INPUT DATA Block Start
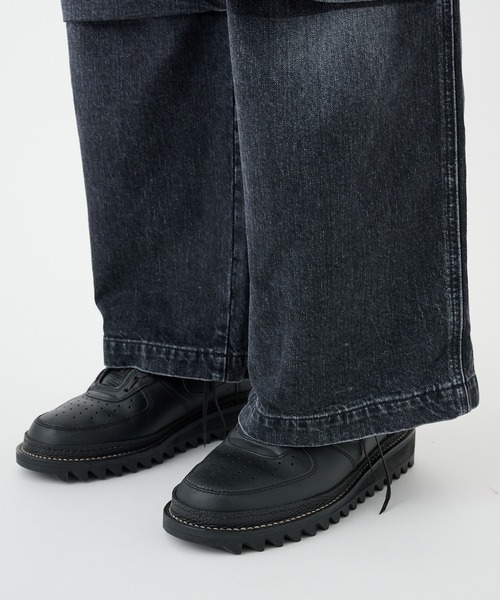 Jieda(ジエダ)の「PARACHUTE DENIM PANTS(デニムパンツ・メンズ・ブラック/インディゴブルー・1/2)」の18枚目の写真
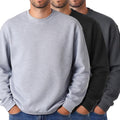 Men's 3 Pack Lightweight Fleece Crewneck Sweatshirts - Value Pack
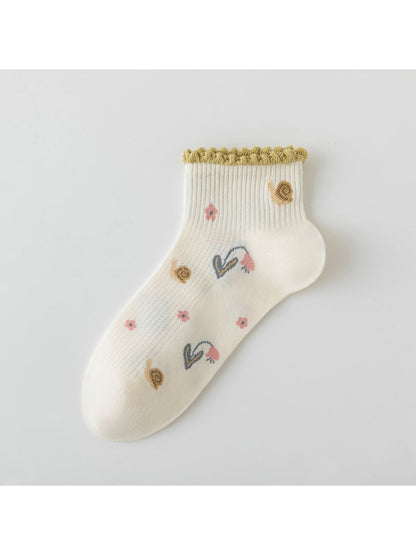 Rufia - Cute Snail Pattern Crew Socks product image 7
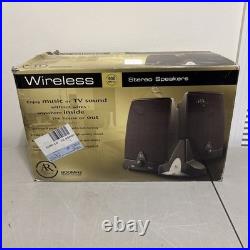 AR Acoustic Research AW871 Wireless Stereo Speakers withTransmitter NEW OPEN BOX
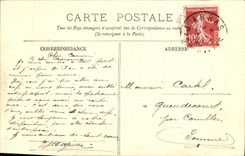 VINTAGE POSTCARD Paris the Staircase of the opera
INPUT DATA Block End
#### WORK ORDER
Return the records above exactly as written. Do not include their images.

#### RESPONSE AREA
 Jieda(ジエダ)の「PARACHUTE DENIM PANTS(デニムパンツ・メンズ・ブラック/インディゴブルー・1/2)」の18枚目の写真
 Men's 3 Pack Lightweight Fleece Crewneck Sweatshirts - Value Pack
 Rufia - Cute Snail Pattern Crew Socks product image 7
 AR Acoustic Research AW871 Wireless Stereo Speakers withTransmitter NEW OPEN BOX
 VINTAGE POSTCARD Paris the Staircase of the opera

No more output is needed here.